Information shown:

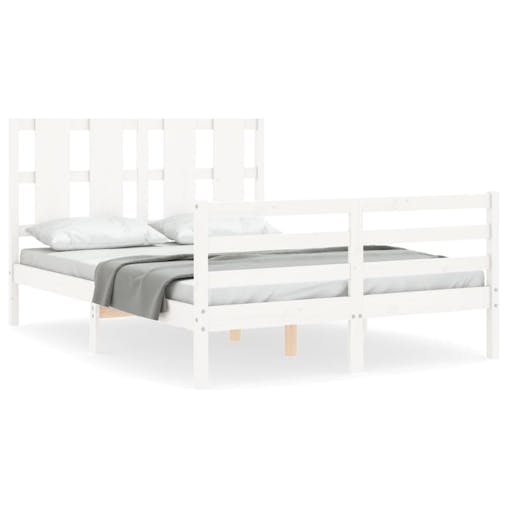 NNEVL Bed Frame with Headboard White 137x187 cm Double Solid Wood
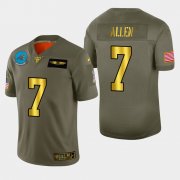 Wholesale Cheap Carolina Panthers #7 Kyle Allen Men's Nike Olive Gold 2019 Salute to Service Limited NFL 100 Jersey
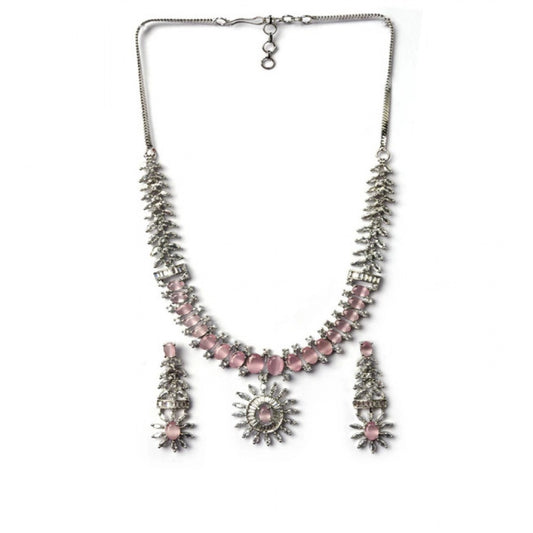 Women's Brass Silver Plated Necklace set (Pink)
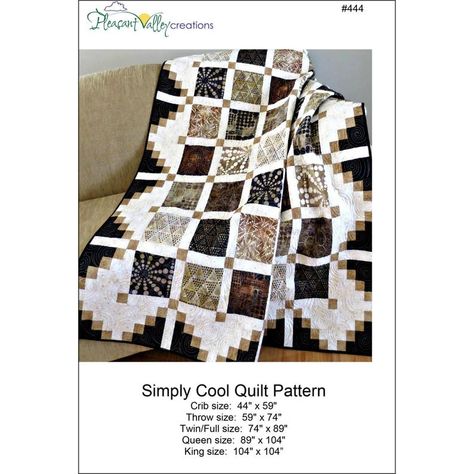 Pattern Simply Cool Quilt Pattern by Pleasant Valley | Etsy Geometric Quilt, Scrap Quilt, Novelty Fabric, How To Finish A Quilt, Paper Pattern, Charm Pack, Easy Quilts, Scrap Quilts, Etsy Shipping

Task requirements:
Reproduce the listing exactly, images omitted.

Solution for this problem:
 NNEVL Bed Frame with Headboard White 137x187 cm Double Solid Wood
 Wholesale Cheap Carolina Panthers #7 Kyle Allen Men's Nike Olive Gold 2019 Salute to Service Limited NFL 100 Jersey
 Women's Brass Silver Plated Necklace set (Pink)
 Pattern Simply Cool Quilt Pattern by Pleasant Valley | Etsy Geometric Quilt, Scrap Quilt, Novelty Fabric, How To Finish A Quilt, Paper Pattern, Charm Pack, Easy Quilts, Scrap Quilts, Etsy Shipping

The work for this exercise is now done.